There are enough popsicles on the internet to last us a lifetime, should we choose to make a different one on every day of every year. But I think that I’ve made some discoveries…or at least have yet come across two ideas that I’m about to share.
1) Peaches + yogurt + tahini
It’s interesting and a little unusual, but my crazy tastebuds love a challenge. I was initially going for a peach-pistachio popsicle, but when it came to buying pistachios for $20/lb, my piggy bank said no thanks. So I went for the tahini instead and was in for a lovely surprise.
2) I think I’ve accidentally discovered the secret to not-so-icy fresh fruit pops and it’s not fat, sugar, or booze. All of those things are great ways to keep your popsicles from turning into ice cubes, but there’s one more! Starting with frozen fruit. When blended up with only enough liquid to make a thick icy smoothie, the fruit mix freezes with smaller ice crystals to give the popsicles a softer and creamier mouth feel. It’s kind of like churn vs. no churn ice cream.
Popsicles aside, freezing fruit at the peak of the season is a great way to preserve it for a year-round supply…and peaches are perfect! Select freestone peaches (the pit is easier to remove) that are ripe, but not too soft. Slice them and flash freeze them on a tray lined with parchment paper. Once they’re frozen solid, store them in a large ziplock bag. Taking the extra step of freezing them on the tray makes the slices freeze faster (forming smaller ice crystals) and prevents them from sticking together.
Frozen Goodies Elsewhere…
– The best fudgesicles I’ve ever made.
– Sweet Corn and Black Raspberry ice cream. I skip the corn syrup and cut down on the sugar just a tad, and it’s still fantastic…especially with foraged black raspberries! Corn in ice cream sounds weird, but it totally works guys! I swear.

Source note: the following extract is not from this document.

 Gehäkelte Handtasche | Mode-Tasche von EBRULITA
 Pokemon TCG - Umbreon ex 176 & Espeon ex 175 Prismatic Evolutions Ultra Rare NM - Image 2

– To-try list: Roasted Blueberries and Cream Matcha Pops from With Food + Love, Marbled Watermelon Popsicles from Green Kitchen Stories, PB, Honey and Banana Popsicles DIPPED IN CHOCOLATE!! Whaaat? from Lynsey Loves Food, and Coconut Bliss Kulfi from The Quirky Princess
Special equipment: blender + popsicle molds
- 1 cup of plain yogurt
- 1 Tbsp. tahini (a little goes a long way)
- 1/4 cup of honey
- 3 heaping cups of frozen peach slices (~400g or 14oz)
- Add the yogurt, tahini, and honey to the blender and blend until smooth. The result should be a buttermilk-like consistency. If it's thicker, thin with a little bit of water, as the liquid is needed to blend the frozen peaches.

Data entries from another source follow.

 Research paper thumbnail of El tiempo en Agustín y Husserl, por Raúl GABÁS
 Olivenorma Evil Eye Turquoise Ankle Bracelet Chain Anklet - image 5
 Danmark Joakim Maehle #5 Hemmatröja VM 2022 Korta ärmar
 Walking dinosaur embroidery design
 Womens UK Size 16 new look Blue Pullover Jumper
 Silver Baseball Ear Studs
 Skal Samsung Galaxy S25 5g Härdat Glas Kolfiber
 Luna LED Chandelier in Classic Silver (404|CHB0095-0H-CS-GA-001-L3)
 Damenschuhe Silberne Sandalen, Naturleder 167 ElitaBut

- Add the peach slices to the blender and blend until smooth. The result should be like a thick and frosty smoothy. It'll vary depending on your blender (I used the ice cream setting on my Blendtec), how long you blend, the properties of your ingredients, and the temperature of the room. Thick and frosty is ideal, but you can still work with what you have and some peach chunks are totally cool. If you're not using a high-speed blender, you can chop the slices into smaller chunks to make them easier to blend.
- Pour mixture into popsicle molds and freeze. This recipe makes 10 standard popsicles and I used these molds, which use about 1/3 cup of the smoothie mix per popsicle. Measure and adjust the recipe, if needed.